# Yellowstone



## FishNaked (Apr 15, 2009)

We went up to Yellowstone last weekend (June 19)...and I'm finally posting a few of the highlights. We went up Sunday (Father's Day) after church and came out Tuesday mid day. Weather cooperated and we didn't get snowed on like the forecast predicted. We stayed right in the park in one of the campgrounds in our trailer. Warning to all...obey all the bear and food rules they blast you with when you check in. We left a sealed bucket of dog food and a cooler outside underneath the trailer while we went for our ride around on Monday and came back to a $75 ticket and a lecture from a ranger. 
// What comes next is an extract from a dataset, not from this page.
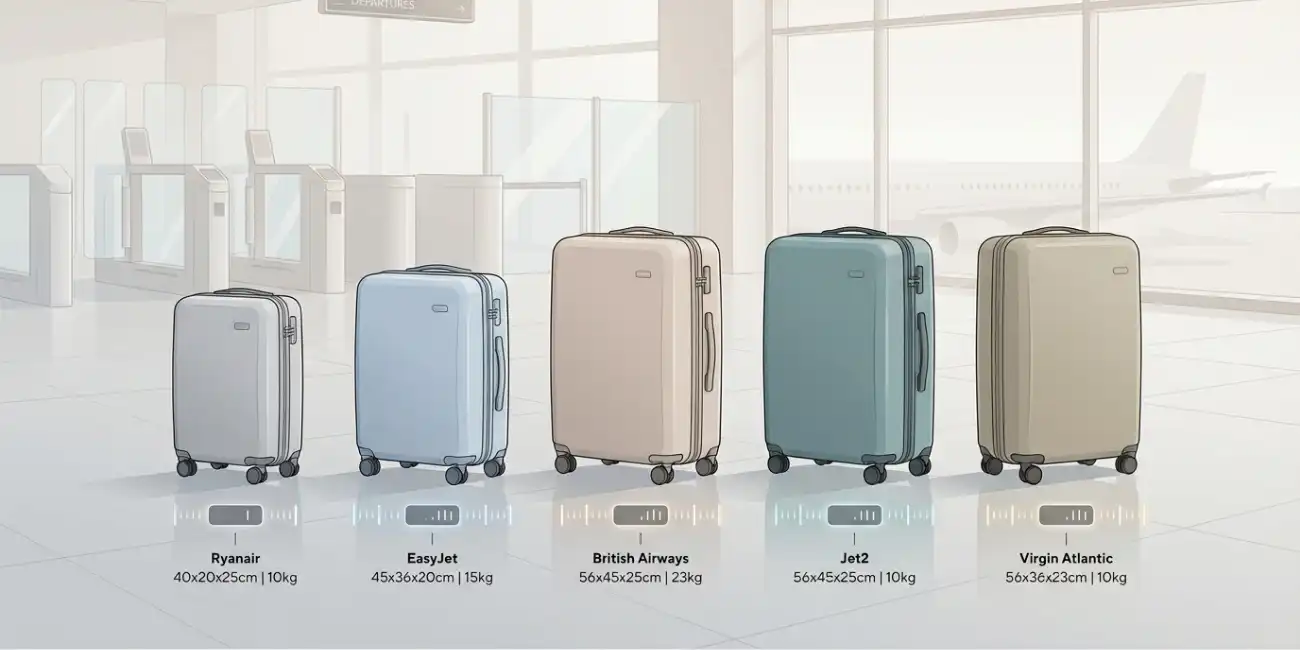 Hand luggage rules 2026 — UK airline hand luggage allowance comparison for cabin bag size rules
We saw the usual elk deer moose bison coyotes...Old Faithful of course. Still a lot of snow in many areas of the park. More bull bison than normally remember and some really cute new elk calves. The highlight was a sow grizz with her two one-year old cubs. We only got to watch her a minute or two from the road before she rambled them all up a creek bottom and over the hill out of sight. We grabbed the binos and spotting scope and went for about 1/2 mile hike to a raised bluff above the creek bottom. Once there we found the bears again but also a den of 5 wolves. We watched the three bears chase wolves and scatter the entire den for 30 minutes. Even the bear cubs were in on the chasing as well. They were as big as the wolves and seemed to outrun their mother. What an experience the kids will never forget. Not the best pics but they were through the spotting scope. We never could get the wolves to stand still long enough for a photo.


----------



## sawsman (Sep 13, 2007)

Nice.

Those grizz look like they were about my type of distance away. Swarovski distance is good by me...


----------